Whistle Blowing in Nigeria: Of Limited Advantage
Whistle blowing as an adjunct to the current anti- corruption war, should have been a great boost but for the lacuna in the law. In countries with well developed antigraft regimes, whistle blowing has played a pivotal role, which is not likely to be so in Nigeria, unless there is a major amendment to the EFCC Act.
The procedure for prosecuting the corruption war under the present regime has assumed a straight-jacket format of: a. receiving complaints or petitions; b. investigating the petitions by scrutinising public documents to fish out illegal deals; c. arrest suspects; d. trace the proceeds of the illegal deals either to the bank or elsewhere for the purpose of attachment; and
e. prosecution of suspects and if successful, the illegal proceeds are forfeited to the Government.
It is the application of this formal procedure engendered by our adversitorial criminal justice system, that is the bane of the anticorruption war, particularly the onus on the prosecution to establish that the proceeds in question are derived from illegal act(s). This is even when international instruments, for example, the United Nations Convention Against Illicit Traffic in Narcotic Drugs and Psychotropic
Substances, 1988, (Art 5 para. 7) enjoins signatory nations to consider reversing the onus of proving the legitimate origin of such proceeds and placing same on the accused, because of the covert nature of the transactions giving birth to the illegal proceeds.

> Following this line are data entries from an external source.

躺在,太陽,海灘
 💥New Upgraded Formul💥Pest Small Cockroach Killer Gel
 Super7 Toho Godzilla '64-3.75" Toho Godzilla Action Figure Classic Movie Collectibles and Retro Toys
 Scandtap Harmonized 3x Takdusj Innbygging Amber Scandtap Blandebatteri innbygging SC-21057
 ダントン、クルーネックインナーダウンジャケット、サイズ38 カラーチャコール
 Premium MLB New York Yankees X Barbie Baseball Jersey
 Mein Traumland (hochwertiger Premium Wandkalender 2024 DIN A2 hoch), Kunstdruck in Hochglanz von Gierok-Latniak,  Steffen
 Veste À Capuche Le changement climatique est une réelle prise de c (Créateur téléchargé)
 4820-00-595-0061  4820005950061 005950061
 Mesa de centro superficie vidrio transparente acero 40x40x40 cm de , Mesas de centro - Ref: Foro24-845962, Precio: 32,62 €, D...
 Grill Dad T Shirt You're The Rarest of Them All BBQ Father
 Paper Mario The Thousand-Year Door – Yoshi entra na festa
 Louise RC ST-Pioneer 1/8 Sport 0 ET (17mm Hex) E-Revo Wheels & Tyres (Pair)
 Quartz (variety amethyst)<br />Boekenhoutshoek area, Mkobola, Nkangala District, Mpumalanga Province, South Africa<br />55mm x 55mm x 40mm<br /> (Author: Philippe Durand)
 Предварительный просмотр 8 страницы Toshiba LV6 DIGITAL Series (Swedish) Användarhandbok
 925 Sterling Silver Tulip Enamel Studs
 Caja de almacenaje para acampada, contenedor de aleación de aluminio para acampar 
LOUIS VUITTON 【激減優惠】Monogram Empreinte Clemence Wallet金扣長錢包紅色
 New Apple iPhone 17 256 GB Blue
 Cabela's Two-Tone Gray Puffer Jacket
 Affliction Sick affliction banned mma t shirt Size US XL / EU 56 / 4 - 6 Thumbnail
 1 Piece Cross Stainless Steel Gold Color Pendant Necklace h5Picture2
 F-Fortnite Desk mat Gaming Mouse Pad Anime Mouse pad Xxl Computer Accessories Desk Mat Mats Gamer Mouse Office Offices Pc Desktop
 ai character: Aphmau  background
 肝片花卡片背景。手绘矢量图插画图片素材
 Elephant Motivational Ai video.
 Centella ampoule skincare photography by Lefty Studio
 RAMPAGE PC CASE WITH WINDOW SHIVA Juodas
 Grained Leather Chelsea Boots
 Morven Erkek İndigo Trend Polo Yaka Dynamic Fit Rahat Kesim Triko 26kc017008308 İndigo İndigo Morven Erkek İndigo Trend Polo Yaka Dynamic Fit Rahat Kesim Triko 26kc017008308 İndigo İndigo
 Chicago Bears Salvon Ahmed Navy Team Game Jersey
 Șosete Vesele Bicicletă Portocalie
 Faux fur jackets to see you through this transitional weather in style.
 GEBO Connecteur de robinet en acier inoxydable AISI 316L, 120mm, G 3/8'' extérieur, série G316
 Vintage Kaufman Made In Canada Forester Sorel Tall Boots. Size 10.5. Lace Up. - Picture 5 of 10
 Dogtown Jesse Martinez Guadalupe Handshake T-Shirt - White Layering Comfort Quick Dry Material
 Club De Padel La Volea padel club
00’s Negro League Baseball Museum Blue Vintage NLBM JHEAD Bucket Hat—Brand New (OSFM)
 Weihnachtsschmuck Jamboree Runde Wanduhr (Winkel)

Andrew Yakubu Consciously or unconsciously, the Nigerian Constitution has provided for the reversal of the onus of proof of the legitimate origin of proceeds of illegal acts in the proviso to Section 36(5) which reads thus:
“Provided that nothing in this section shall invalidate any law by
reason only that the law imposes upon any such person the burden of proving particular facts”. With the above constitutional provision, all that is required to accomplish the task, is to insert a provision in the EFCC Act to that effect, otherwise the Andrew
Yakubu’s dollars cannot be legally forfeited to the Government, without proof by the prosecution that the dollars are proceeds of illegal acts. In other words, even though whistle blowing has led to the physical recovery of the dollars, conviction under the current law and procedure is still illusive. Without conviction any attempt to forcibly take the dollars will be illegal.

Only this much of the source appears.